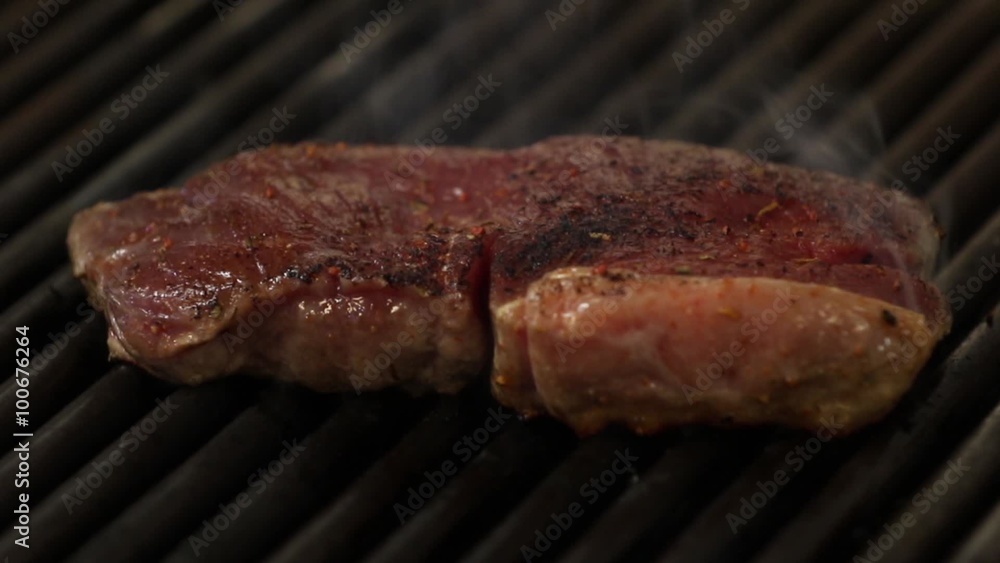 Grilled steak on gas grill Grilled steak on gas grill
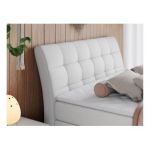 Łóżko kontynentalne GOLD 10 KING 200x200 - H3 - biały, ekoskóra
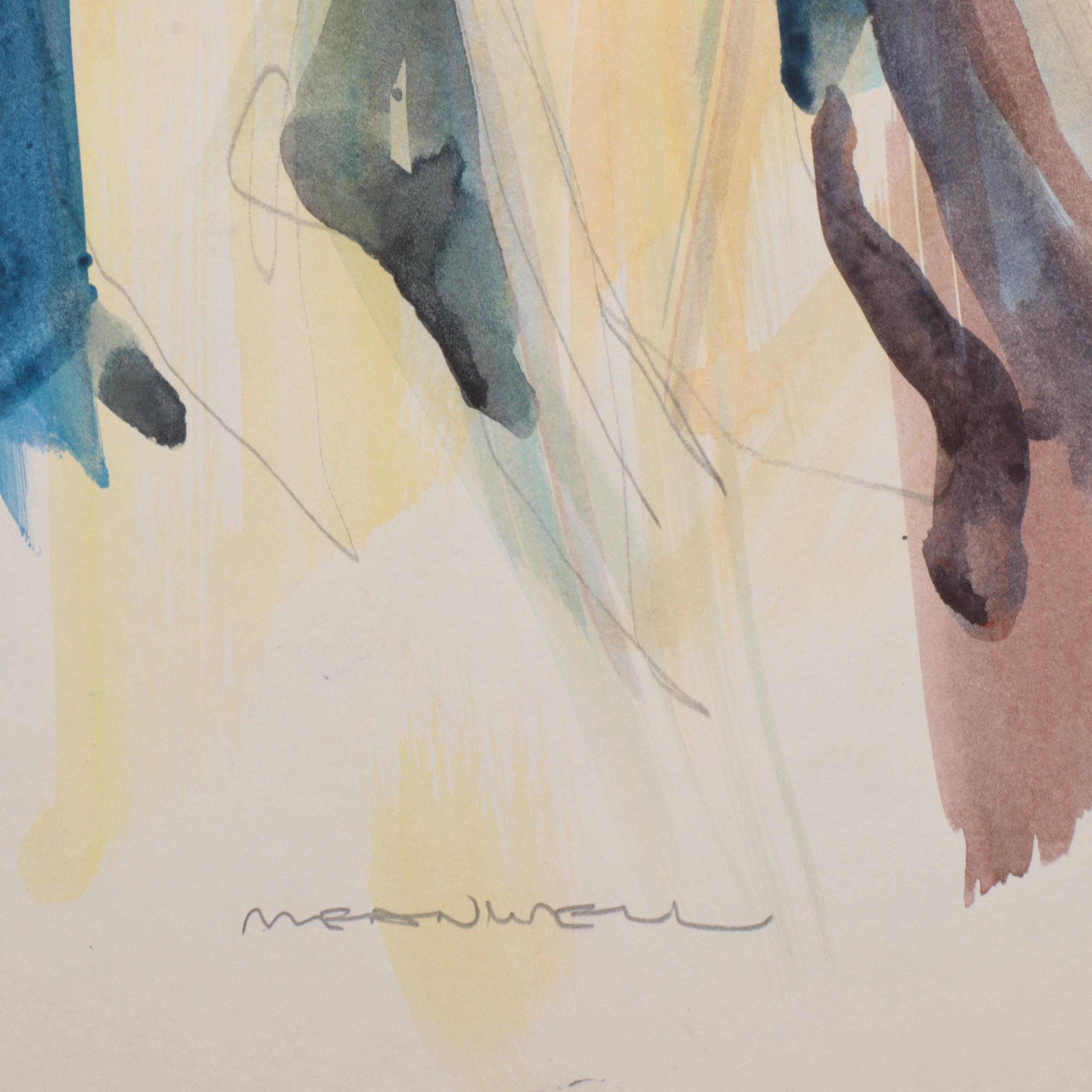 Jack Meanwell Figurative Watercolor Painting, Late 20th Century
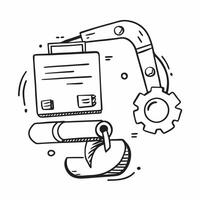 Clean Automation logistic icon with space for text and graphics on a blue background concept as A modern automation logistic icon design featuring space for both text and graphics on a b vector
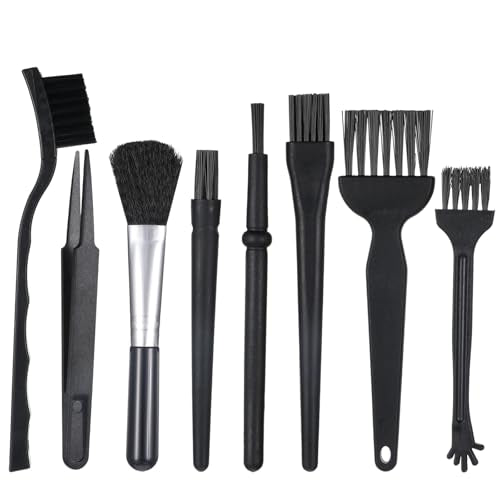 8 PCS Keyboard Brush for Pc Electronic Cleaning Brushes Computer Cleaning Kit for Laptop Keyboard Camera Computer (Black)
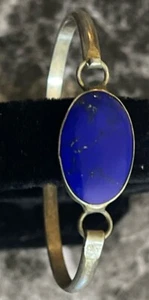 Vintage Silver Tone Alpaca Lapis Bracelet Jewelry XP-58 - Picture 1 of 10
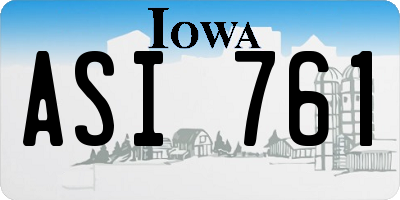 IA license plate ASI761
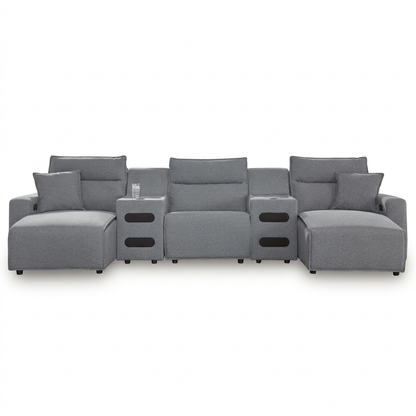 Maverick 5-Piece Dual Power Reclining Sectional with Double Chaise and Audio Consoles
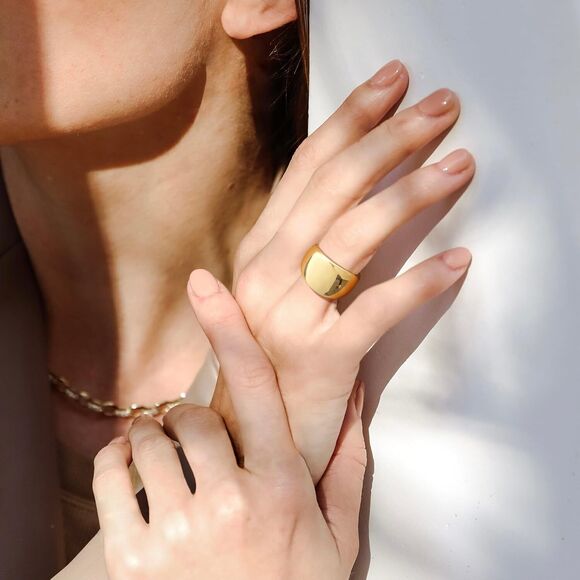 14K Gold Plated Chunky Gold Ring Minimalist Stacking Bold Statement Band Ring - Picture 4 of 9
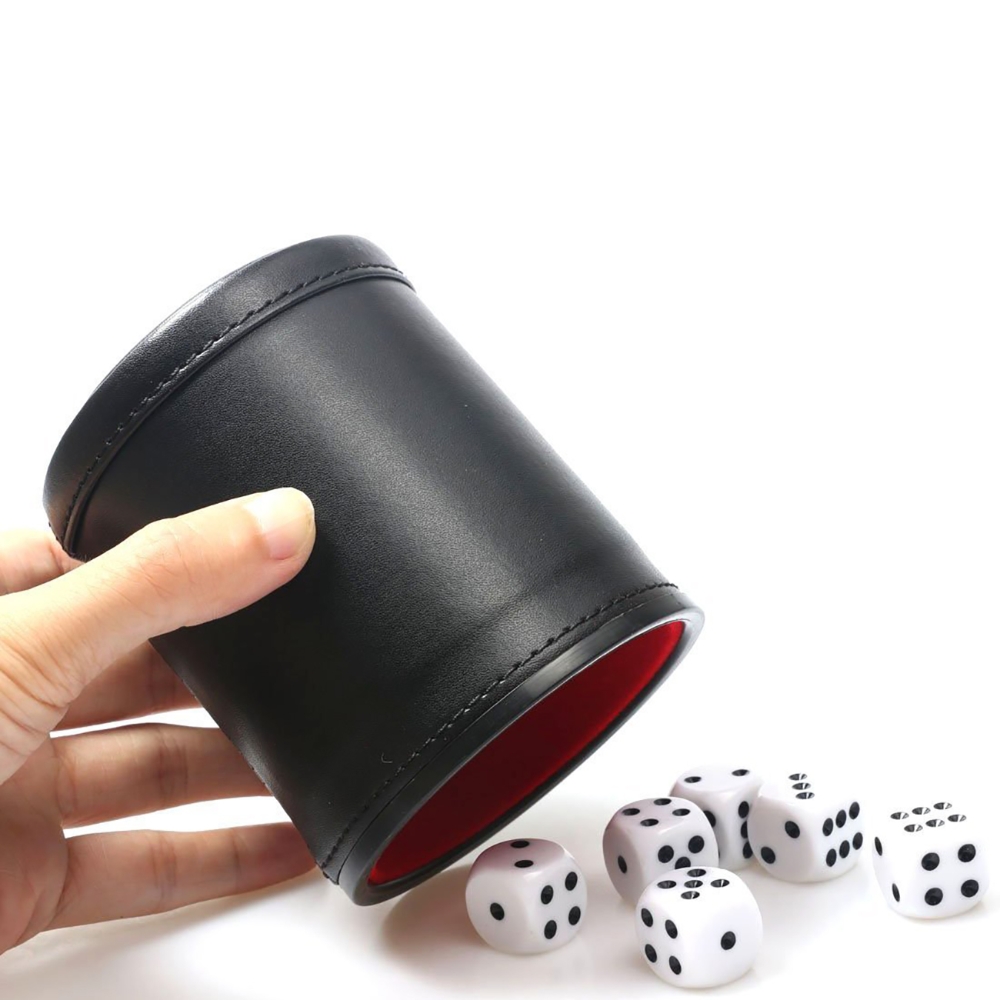 Leather Dice Cup Set with 6 Do - Board Game Yahtzee 评论和价格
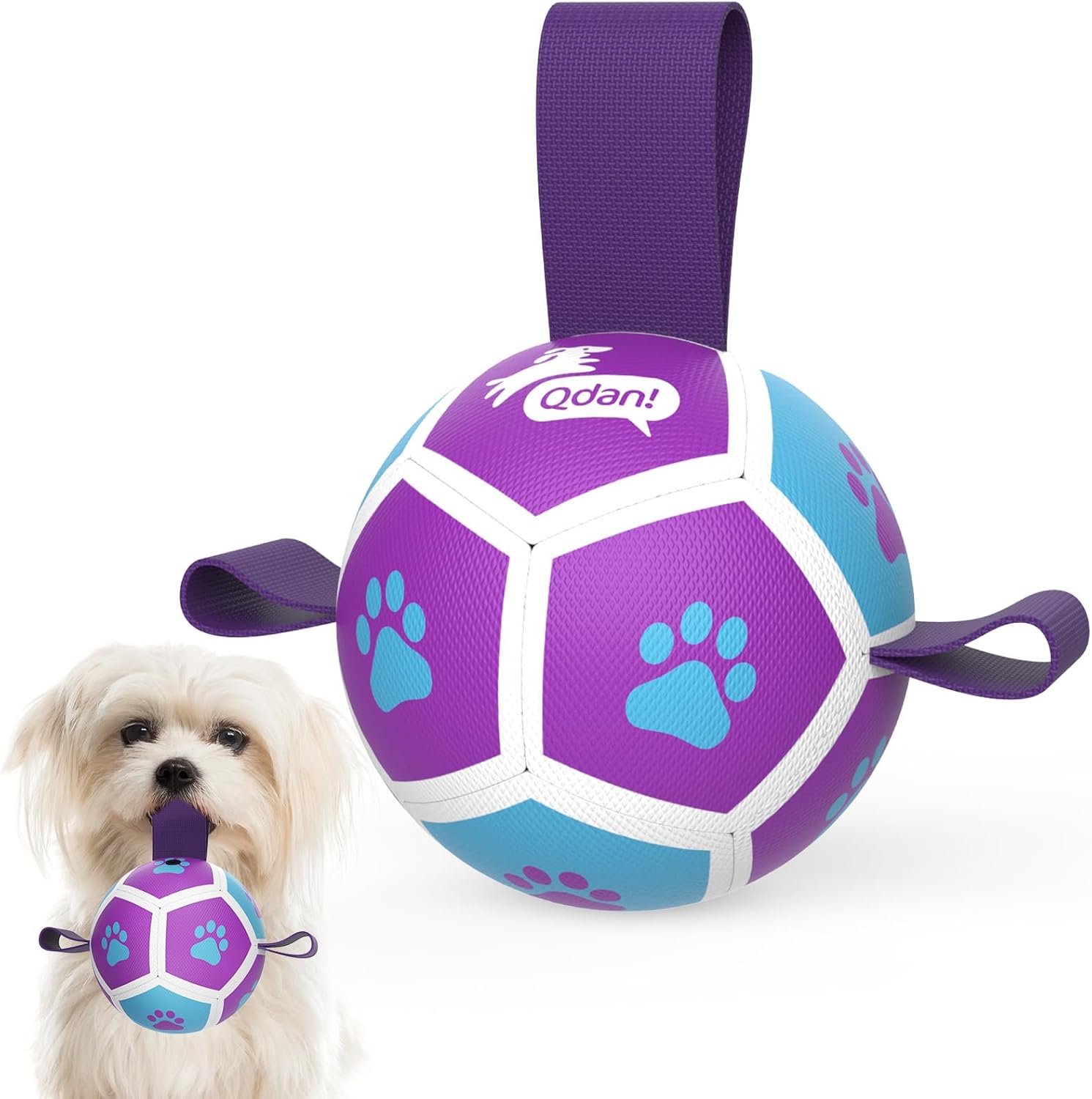 6 Inch Dog Soccer Ball Toy with Straps, Durable Interactive Outdoor Ball for Small and Medium Dogs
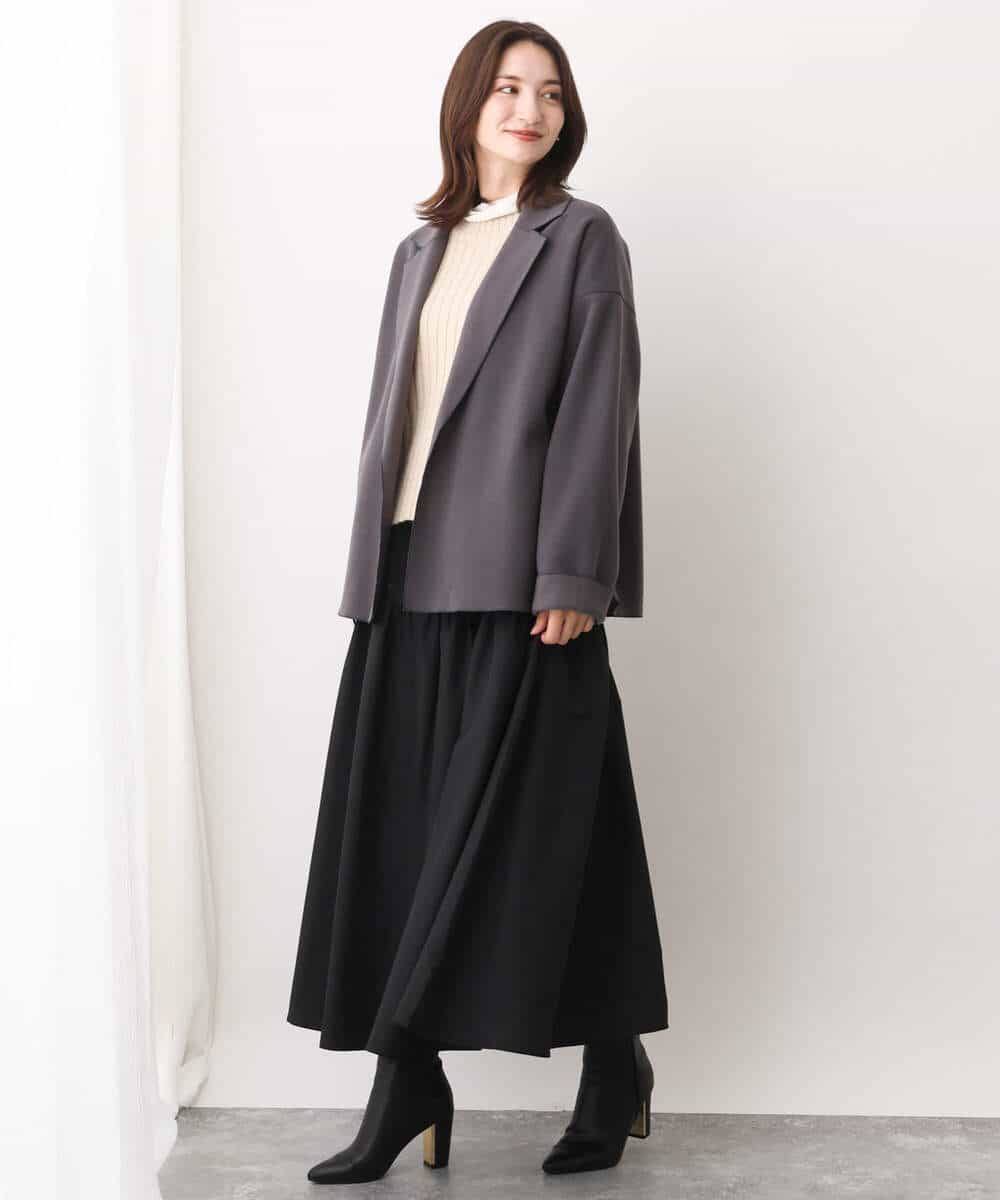 FKFAV53140 MK MICHEL KLEIN(MK ミッシェルクラン) ボタンスリーブショート丈ニット/洗える ブルー
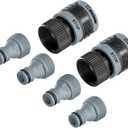 Melnor 65175AMZ 6 Piece Quick Connect Starter Set Connector Bundle, Product Adapter, Product End Connector, Black, Grey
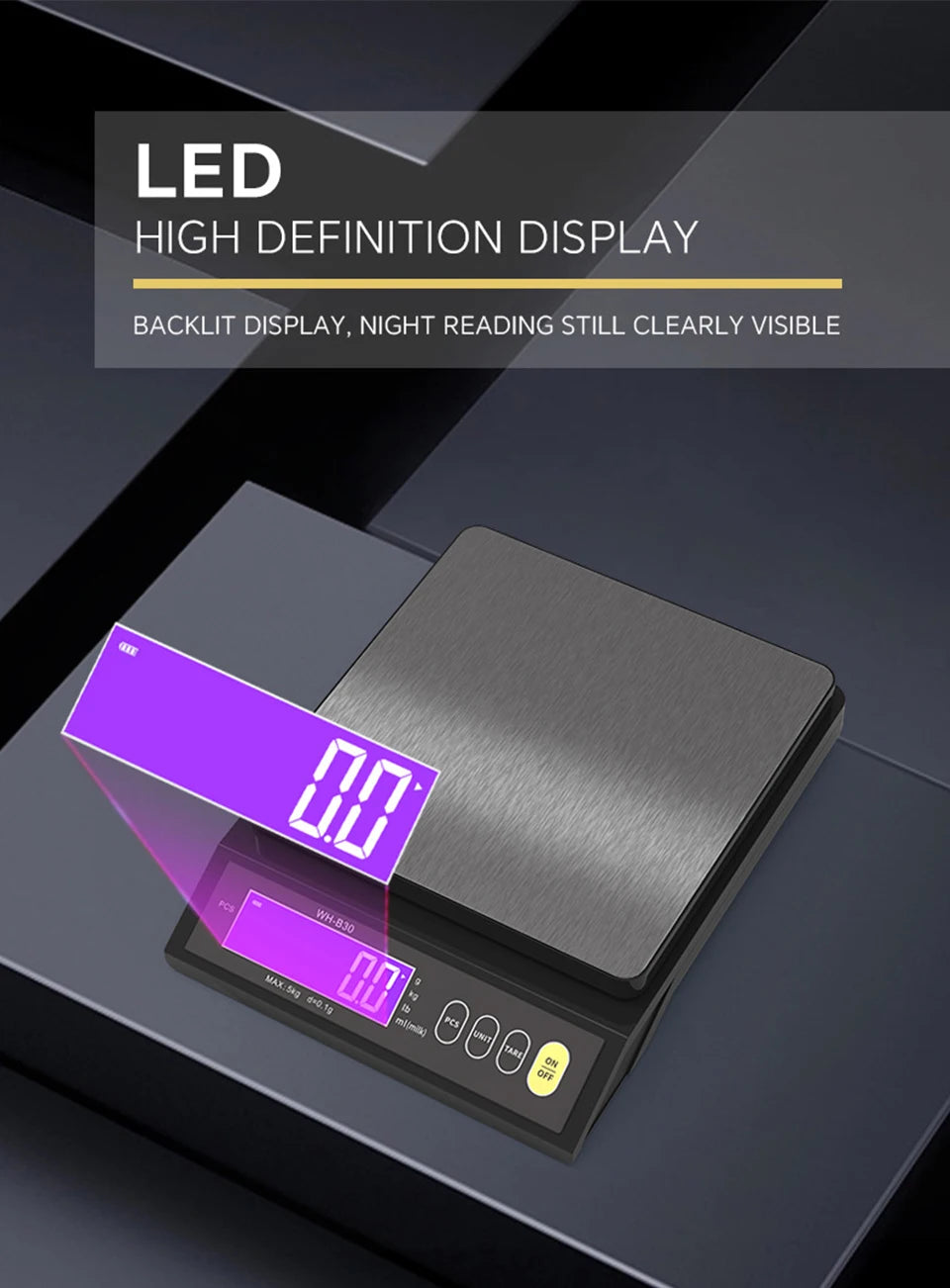 5kg/10kg Rechargeable Kitchen Scale Fully Waterproof LCD Display Stainless Steel Electronic Scale Household Weighing Baking Tool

TASK — Your copy should consist only of the lines from the line holding "6 Inch Dog Soccer" through the final line of the listing above, both included, with all pictures omitted.

RESULT OF THE TASK —
 6 Inch Dog Soccer Ball Toy with Straps, Durable Interactive Outdoor Ball for Small and Medium Dogs
 FKFAV53140 MK MICHEL KLEIN(MK ミッシェルクラン) ボタンスリーブショート丈ニット/洗える ブルー
 Melnor 65175AMZ 6 Piece Quick Connect Starter Set Connector Bundle, Product Adapter, Product End Connector, Black, Grey
 5kg/10kg Rechargeable Kitchen Scale Fully Waterproof LCD Display Stainless Steel Electronic Scale Household Weighing Baking Tool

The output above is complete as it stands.